Exam 1 Topics

Exam 1 will be on Wednesday, February 14 in our normal classroom. No calculators or textbooks will be allowed. You are, however, allowed to bring one handwritten page of notes (front and back) of your own creation to reference.

There are practice problems from a colleague with solutions here. I have also posted a copy of last semester’s first exam on Canvas.

In addition to the review problems above, also do review the homework. We’ve had homework 1,2,3 so far. I’d also encourage you to take a look at homeworks 1,2,3 from my previous section. There are also solutions to most odd-numbered problems in the book.

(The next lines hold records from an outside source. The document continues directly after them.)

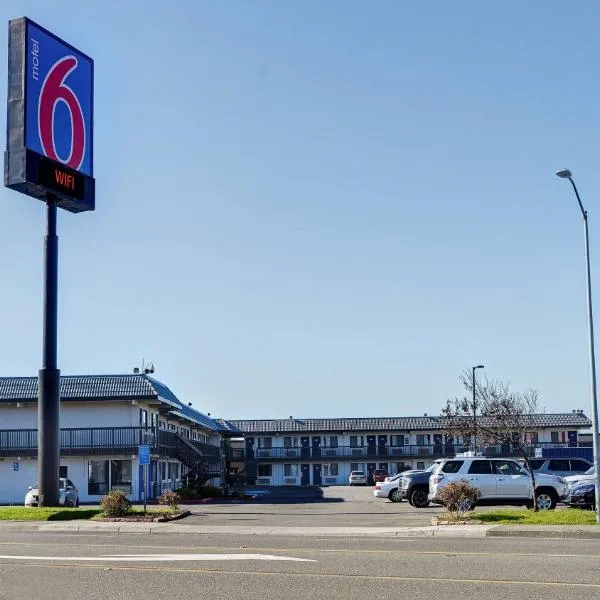 Motel 6-Eureka, CA Redwood Coast, hotel v destinaci Eureka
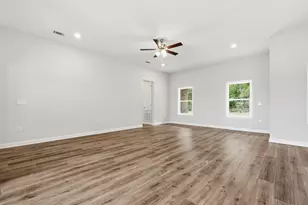 6112 Mildreds Wy, Crestview, FL 32539 - Photo 6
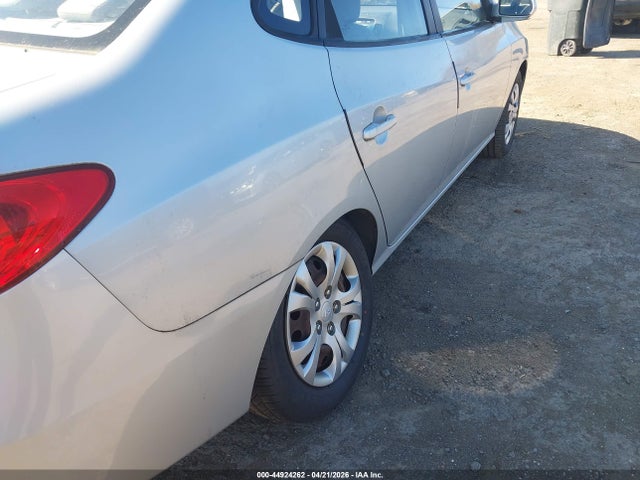 HYUNDAI ELANTRA GLS - 6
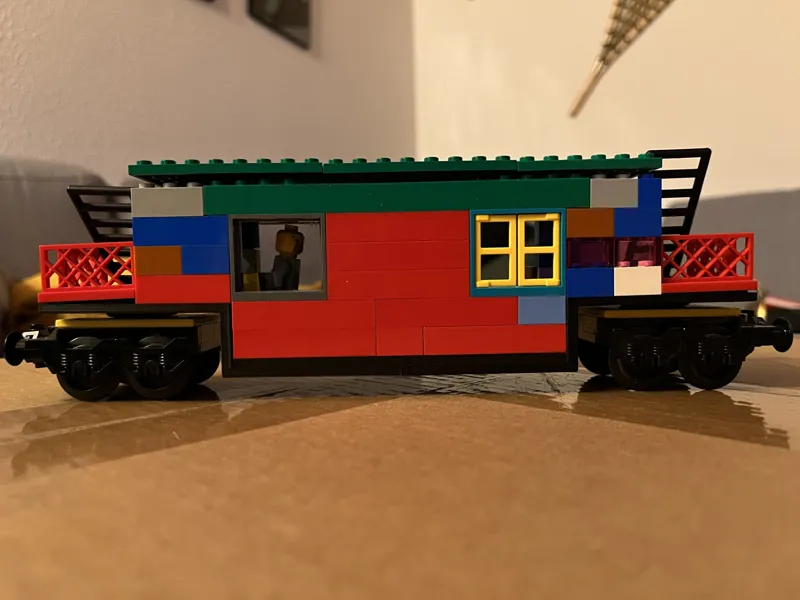 Base wagon train compatible brick 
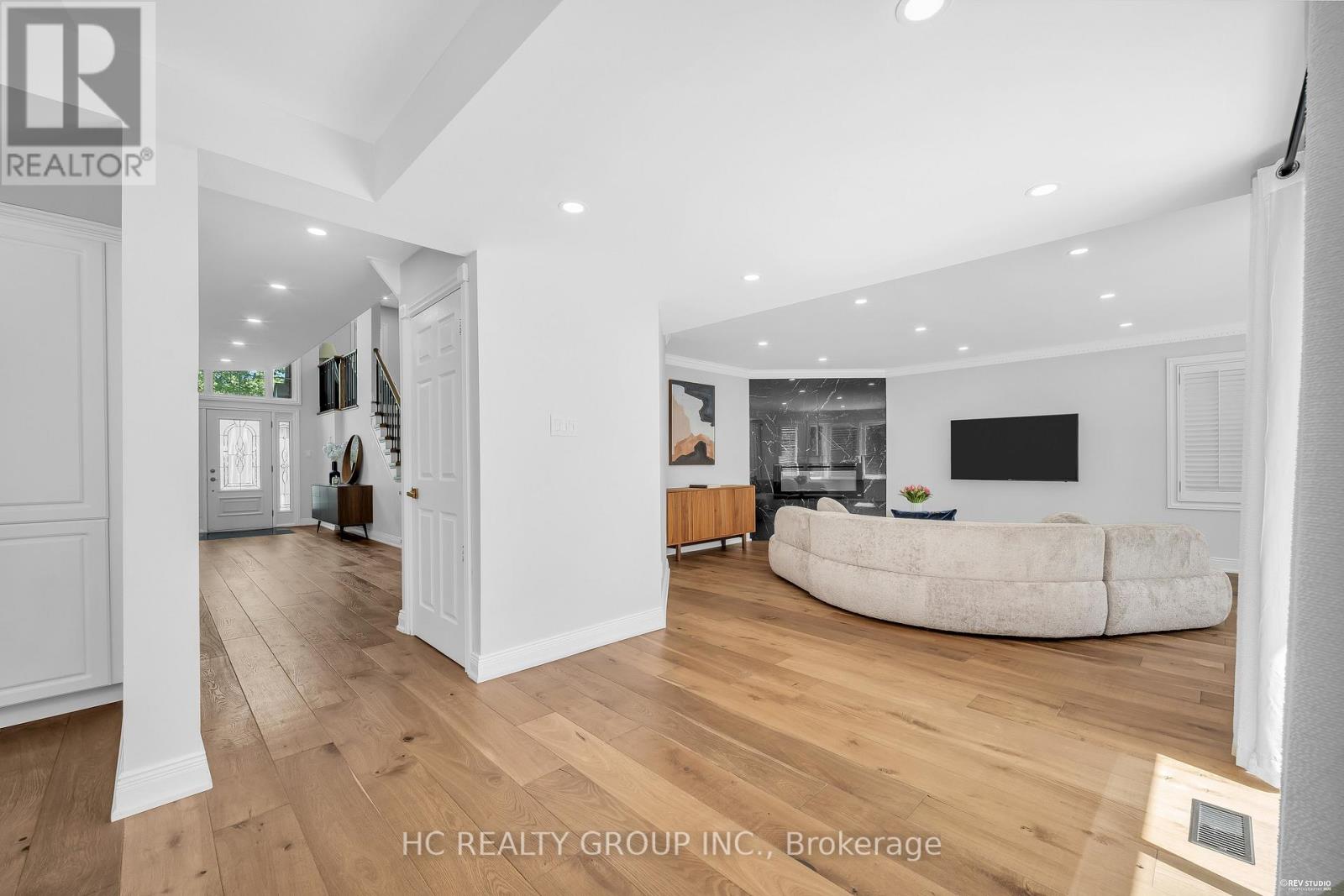 298 Northwood Drive, Oakville, Ontario L6M 1M7 - Photo 17 - W13653198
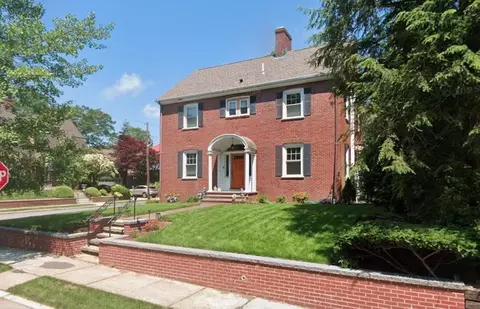 256 Laurel Ave, Providence, RI 02906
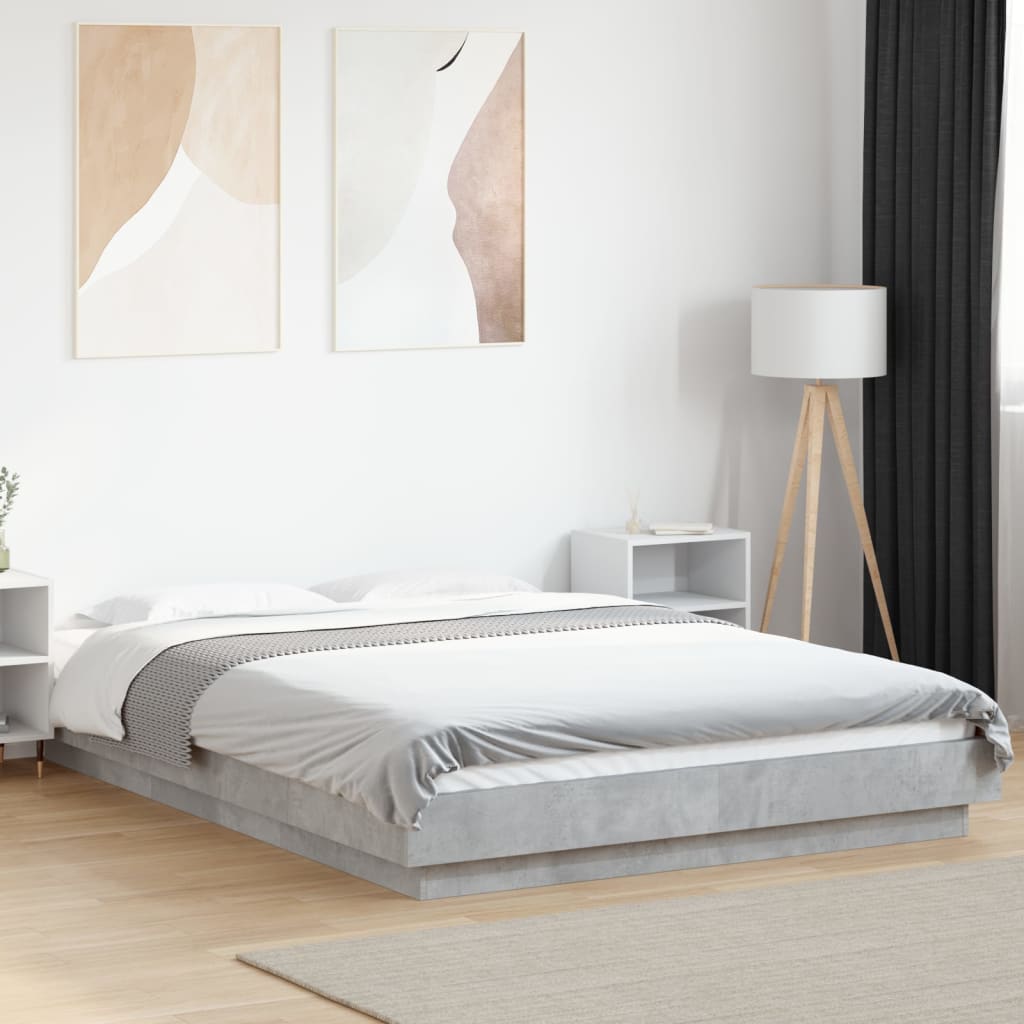Sengeramme med LED-lys betonggrå 140x190 cm konstruert tre
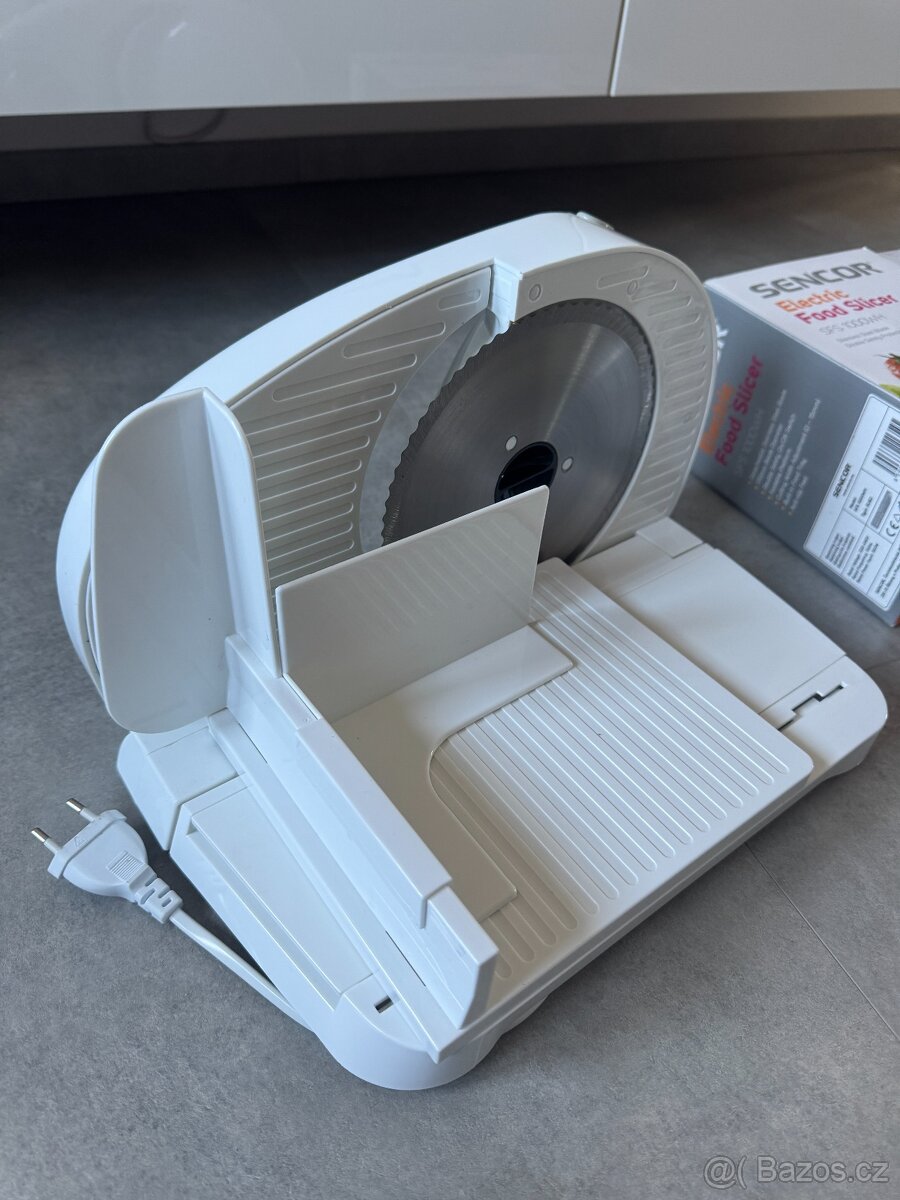 Sencor - kráječ chleba a dalších potravin - 4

This is not guaranteed to be an absolute list of all topics covered so far, but I hope it may help you to guide your study.

Topics

  • Systems of linear equations
  • Gaussian elimination
  • Row echelon and Reduced row echelon forms
  • Using pivots of (reduced) row echelon matrices to express solutions and how many solutions a system of linear equations has.
  • Row operations and elementary matrices
  • Column vectors in \(\mathbb R^n\)
  • Adding and scaling column vectors
  • Linear transformations: \(L(r\vec u + s\vec v) = rL(\vec u) + sL(\vec v)\)
  • Is a function linear or not?
  • Expressing linear transformations as matrices
  • Matrix multiplication
  • Matrix properties
  • Inverse matrices